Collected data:
---
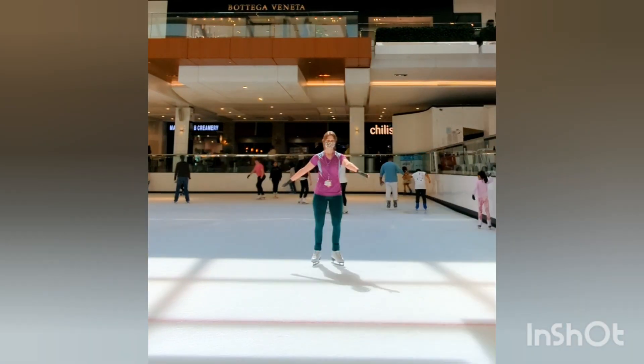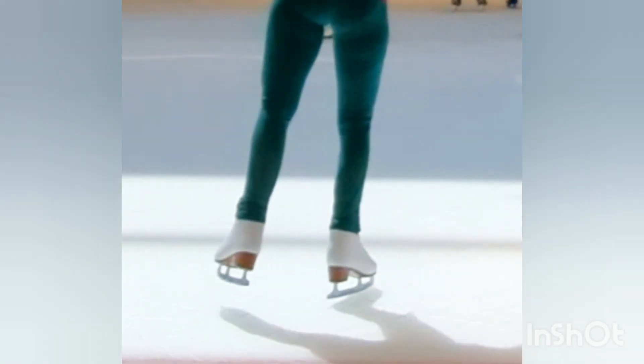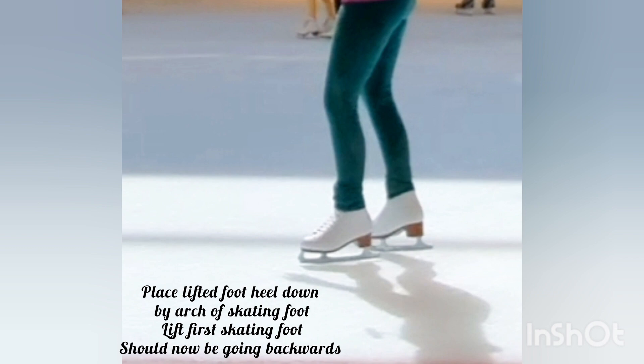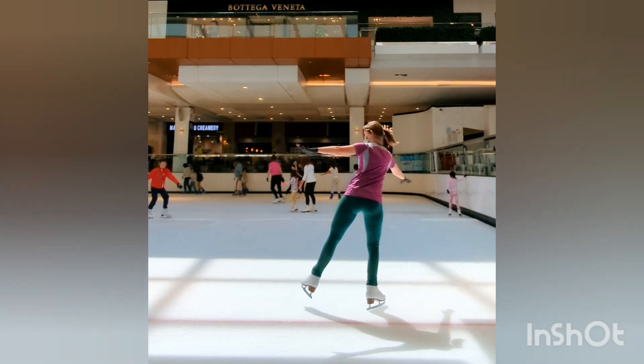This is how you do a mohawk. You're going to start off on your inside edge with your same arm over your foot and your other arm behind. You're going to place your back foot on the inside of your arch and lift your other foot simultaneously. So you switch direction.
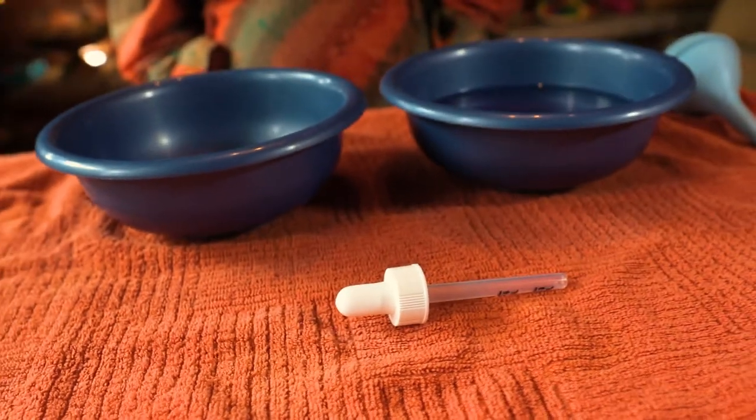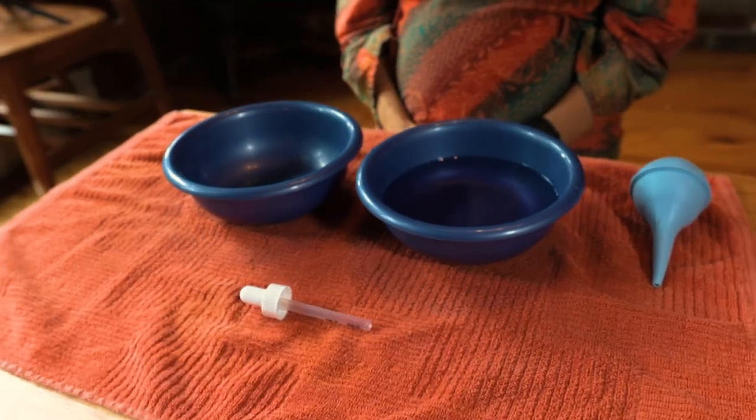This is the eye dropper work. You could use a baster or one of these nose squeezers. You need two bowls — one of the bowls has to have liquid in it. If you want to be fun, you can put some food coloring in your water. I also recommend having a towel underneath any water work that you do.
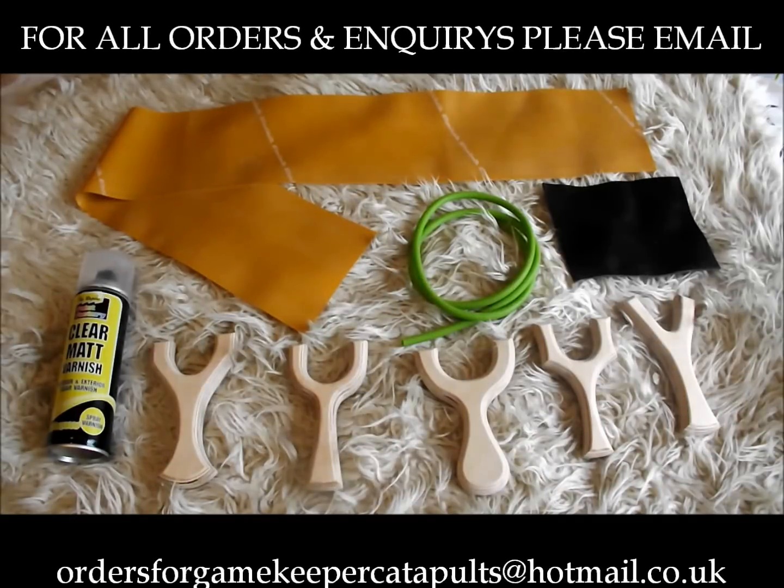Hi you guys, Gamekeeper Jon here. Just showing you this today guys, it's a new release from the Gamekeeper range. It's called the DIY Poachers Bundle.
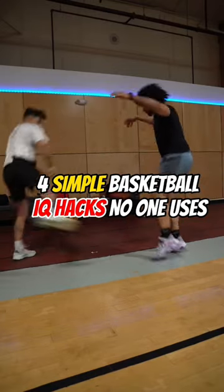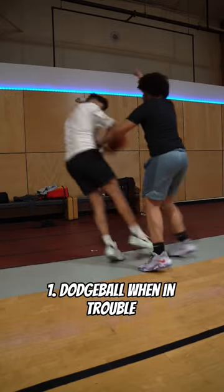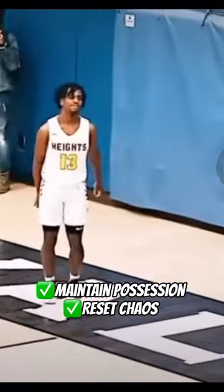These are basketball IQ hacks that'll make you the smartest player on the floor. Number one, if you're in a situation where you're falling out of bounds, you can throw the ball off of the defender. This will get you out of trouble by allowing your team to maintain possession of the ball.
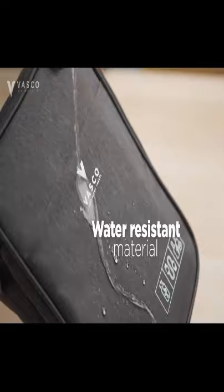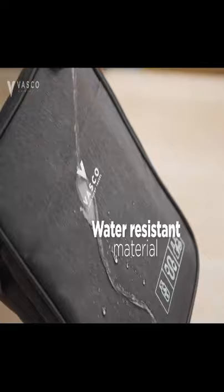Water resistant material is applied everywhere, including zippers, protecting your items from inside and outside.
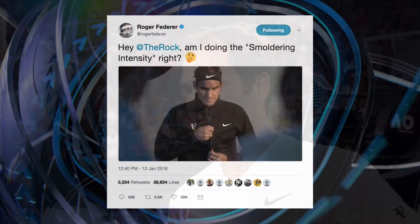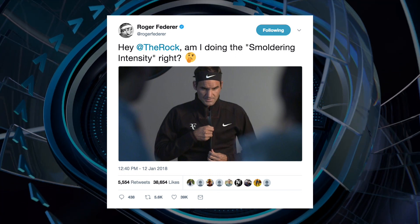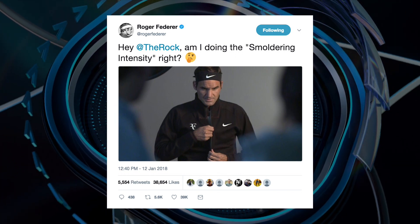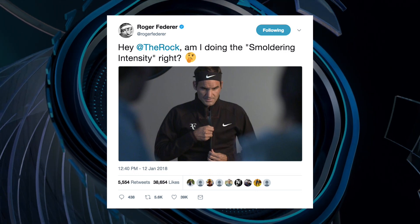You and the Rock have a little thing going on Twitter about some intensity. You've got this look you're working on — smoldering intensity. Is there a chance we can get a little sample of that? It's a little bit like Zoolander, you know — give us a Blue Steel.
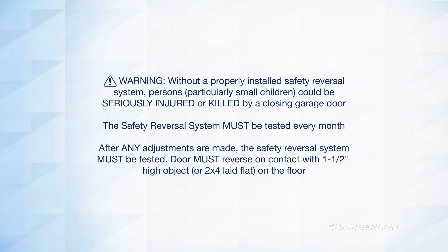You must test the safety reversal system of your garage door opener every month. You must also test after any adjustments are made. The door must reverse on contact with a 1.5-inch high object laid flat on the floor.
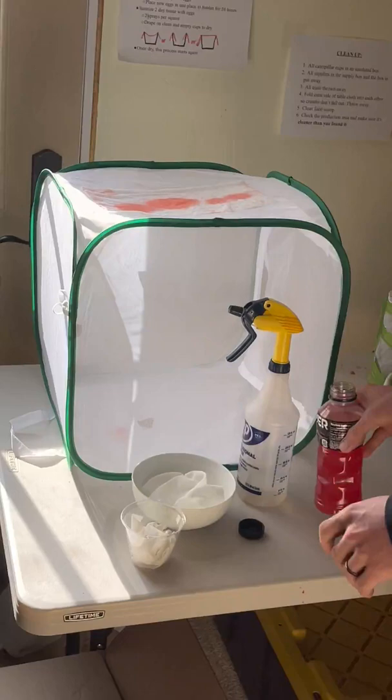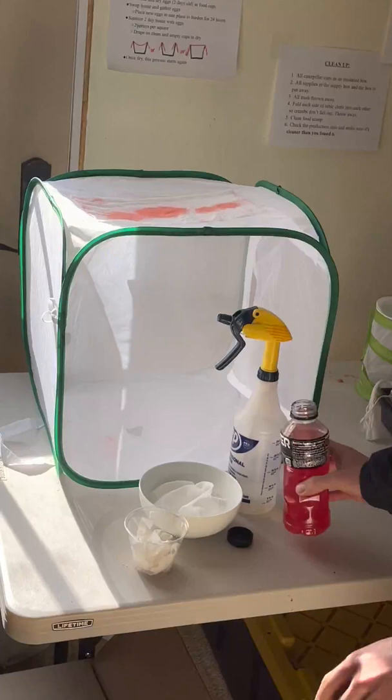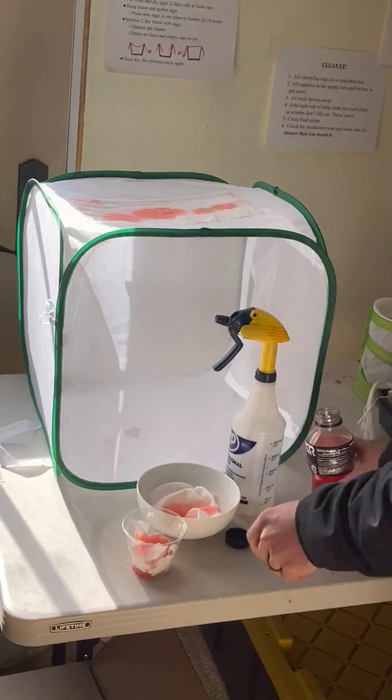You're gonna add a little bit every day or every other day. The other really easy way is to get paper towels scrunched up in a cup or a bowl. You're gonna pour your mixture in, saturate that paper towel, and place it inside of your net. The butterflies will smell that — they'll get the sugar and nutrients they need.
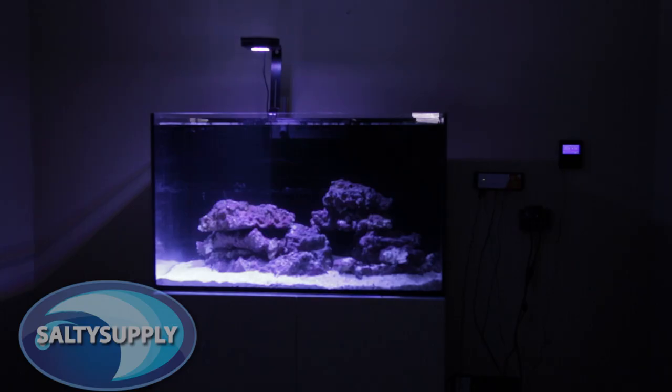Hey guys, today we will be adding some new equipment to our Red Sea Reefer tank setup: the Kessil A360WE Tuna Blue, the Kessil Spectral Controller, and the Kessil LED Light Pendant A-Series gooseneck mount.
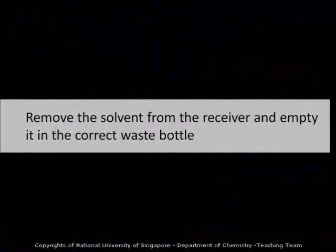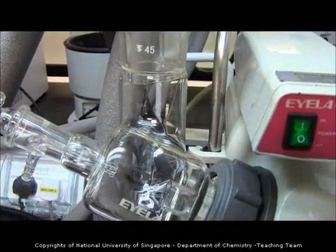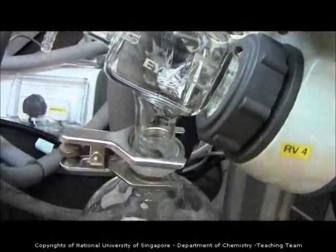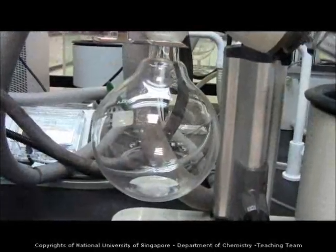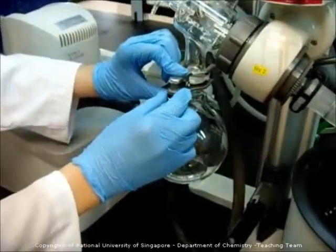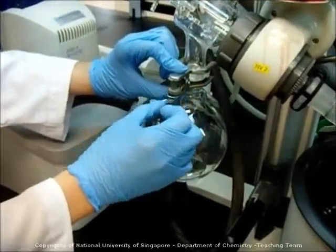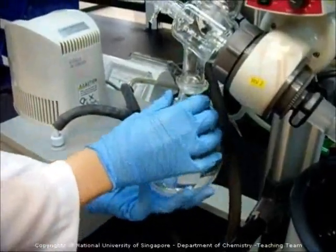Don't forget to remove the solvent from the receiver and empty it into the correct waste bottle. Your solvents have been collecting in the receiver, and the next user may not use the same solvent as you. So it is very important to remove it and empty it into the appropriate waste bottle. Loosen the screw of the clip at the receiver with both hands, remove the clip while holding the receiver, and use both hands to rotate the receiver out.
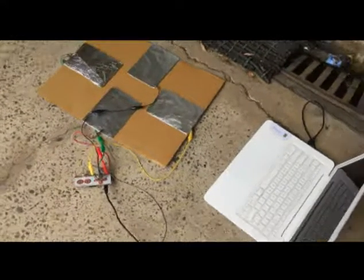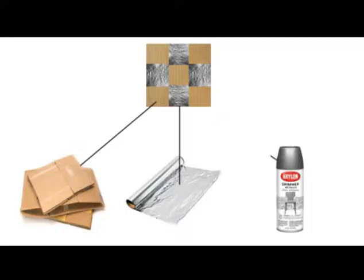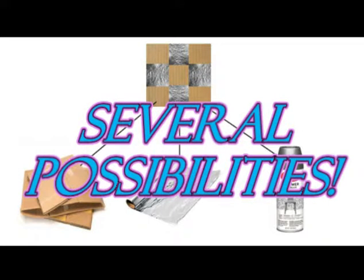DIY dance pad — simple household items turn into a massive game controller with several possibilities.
---
→ **Exercise objective**: Each record must appear again exactly as written above, without its pictures.

→ **The answer**:
This is how you do a mohawk. You're going to start off on your inside edge with your same arm over your foot and your other arm behind. You're going to place your back foot on the inside of your arch and lift your other foot simultaneously. So you switch direction.
This is the eye dropper work. You could use a baster or one of these nose squeezers. You need two bowls — one of the bowls has to have liquid in it. If you want to be fun, you can put some food coloring in your water. I also recommend having a towel underneath any water work that you do.
Hi you guys, Gamekeeper Jon here. Just showing you this today guys, it's a new release from the Gamekeeper range. It's called the DIY Poachers Bundle.
These are basketball IQ hacks that'll make you the smartest player on the floor. Number one, if you're in a situation where you're falling out of bounds, you can throw the ball off of the defender. This will get you out of trouble by allowing your team to maintain possession of the ball.
Water resistant material is applied everywhere, including zippers, protecting your items from inside and outside.
You and the Rock have a little thing going on Twitter about some intensity. You've got this look you're working on — smoldering intensity. Is there a chance we can get a little sample of that? It's a little bit like Zoolander, you know — give us a Blue Steel.
You must test the safety reversal system of your garage door opener every month. You must also test after any adjustments are made. The door must reverse on contact with a 1.5-inch high object laid flat on the floor.
You're gonna add a little bit every day or every other day. The other really easy way is to get paper towels scrunched up in a cup or a bowl. You're gonna pour your mixture in, saturate that paper towel, and place it inside of your net. The butterflies will smell that — they'll get the sugar and nutrients they need.
Hey guys, today we will be adding some new equipment to our Red Sea Reefer tank setup: the Kessil A360WE Tuna Blue, the Kessil Spectral Controller, and the Kessil LED Light Pendant A-Series gooseneck mount.
Don't forget to remove the solvent from the receiver and empty it into the correct waste bottle. Your solvents have been collecting in the receiver, and the next user may not use the same solvent as you. So it is very important to remove it and empty it into the appropriate waste bottle. Loosen the screw of the clip at the receiver with both hands, remove the clip while holding the receiver, and use both hands to rotate the receiver out.
DIY dance pad — simple household items turn into a massive game controller with several possibilities.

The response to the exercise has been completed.